Esther Conrad leads the development of community-engaged learning opportunities related to environmental sustainability at Stanford University. She builds partnerships with diverse community partners in the environmental field, and collaborates with faculty and staff to design courses that enhance student learning while delivering real world impacts.

Esther has worked for over 15 years on sustainable water management and climate change adaptation in domestic and international settings. As a postdoctoral fellow at Stanford’s Water in the West Program and the Gould Center for Conflict Resolution at the Stanford Law School, Esther collaborated with local water agencies to conduct research on new governance arrangements for groundwater management in California. During her PhD studies at University of California Berkeley, she examined collective learning in the context of regional-scale collaborative governance within California’s Integrated Regional Water Management process.
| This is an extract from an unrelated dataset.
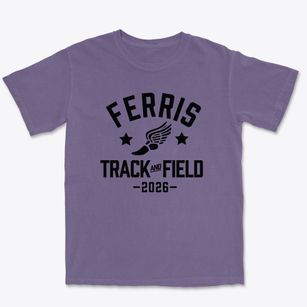 Ferris High School Track and Field Premium Heavyweight T-shirt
While at Berkeley, Esther also partnered with the California Department of Water Resources, conducting several studies on how climate change has been addressed in the state’s water planning processes. Previously, Esther worked for six years as a Senior Staff Associate at the International Research Institute for Climate and Society at Columbia University’s Earth Institute, managing interdisciplinary projects to support the use of climate and environmental information in water management and agriculture in South and Southeast Asia. She also worked at the United Nations Development Programme, analyzing community-based projects around the world that use renewable energy to support local livelihoods. From 1997 to 2001, she advocated for the rights of asylum seekers and other immigrants detained in the United States. Esther holds a PhD in Environmental Science, Policy and Management from the University of California Berkeley, a Masters degree in International Affairs from Columbia University, a Masters degree in Development Studies from the University of Cambridge, and a Bachelor of Sciences in Earth Systems from Stanford University.